Ao encaminhar a resposta ao STF na madrugada de sexta (27/12), a Câmara argumentou que a liberação das emendas teve o aval do governo federal e pediu a liberação dos recursos. No ofício, os deputados alegam que “não procedem os argumentos de que a deliberação das emendas de comissão é oculta ou fantasiosa, já que está detalhadamente documentada nos autos, com publicação ampla na internet”.
Logo na hora do almoço do mesmo dia, Dino manteve o bloqueio das emendas, argumentando que as respostas enviadas não abrangem “informações essenciais”.
O magistrado pediu que os deputados prestassem novos esclarecimentos “objetivamente” até as 20h (horário de Brasília) de sexta. No despacho, o ministro do STF elaborou quatro questionamentos, com o intuito de “facilitar as respostas”.
A Câmara respondeu ao novo pedido do STF na sexta (27/12) à noite. O ofício, construído com foco mais político do que técnico, argumentou existir um estranhamento de que apenas a Casa Baixa esteja sendo alvo de questionamentos, “quando a competência para a matéria é do Congresso Nacional”.
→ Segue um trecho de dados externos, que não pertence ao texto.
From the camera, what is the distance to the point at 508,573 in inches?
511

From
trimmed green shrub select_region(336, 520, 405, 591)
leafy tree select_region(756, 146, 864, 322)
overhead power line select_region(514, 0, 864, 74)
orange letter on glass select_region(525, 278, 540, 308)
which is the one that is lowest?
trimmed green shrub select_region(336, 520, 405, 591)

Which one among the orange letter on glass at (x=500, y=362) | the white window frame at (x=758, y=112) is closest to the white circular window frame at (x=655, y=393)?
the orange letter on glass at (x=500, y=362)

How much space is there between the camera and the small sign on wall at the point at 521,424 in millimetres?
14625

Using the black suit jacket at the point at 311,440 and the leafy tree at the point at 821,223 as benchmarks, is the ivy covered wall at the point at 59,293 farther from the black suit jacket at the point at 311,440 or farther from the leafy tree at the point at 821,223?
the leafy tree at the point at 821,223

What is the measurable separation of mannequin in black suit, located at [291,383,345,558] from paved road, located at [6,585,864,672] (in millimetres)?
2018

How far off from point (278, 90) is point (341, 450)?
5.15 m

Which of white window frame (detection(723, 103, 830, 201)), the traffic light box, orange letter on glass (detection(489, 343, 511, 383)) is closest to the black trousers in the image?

No documento, a Câmara defendeu que o Senado adotou rito rigorosamente idêntico ao da Câmara. No entanto, no ofício enviado pelos senadores ao governo, diferentemente do enviado pelos deputados, houve a indicação de que os líderes partidários eram os padrinhos de cada uma das indicações.
“Ápice de uma balbúrdia”
Nesse domingo (29/12), Dino resolveu liberar parte das emendas. No despacho, o ministro do STF destravou aquelas já empenhadas antes da decisão que suspendeu o pagamento de R$ 4,2 bilhões. O magistrado voltou a defender a transparência com o dinheiro público.
Dino autorizou também o empenho, até 31 de dezembro, de emendas destinadas à saúde, e a movimentação até 10 de janeiro de recursos já movimentados em fundos da área.
No documento que liberou parte das emendas, Dino citou contradições e fez críticas à Câmara quanto aos argumentos apresentados à Corte ao longo da ação.
Segundo o magistrado, os documentos “contêm incoerências internas, contradições com outras peças constantes dos autos e – o mais grave – confronto com a ordem jurídica pátria”. Dino classificou as incongruências como o “ápice de uma balbúrdia”.
O Metrópoles apurou que foi uma escolha do presidente da Câmara dar respostas mais políticas do que técnicas ao STF. O político alagoano ficou irritado em só a Câmara ser o alvo e o Senado não ter sido questionado.
Na decisão desse domingo, Dino deu prazo de 10 dias úteis para que o Senado se manifeste sobre as alegações da Câmara.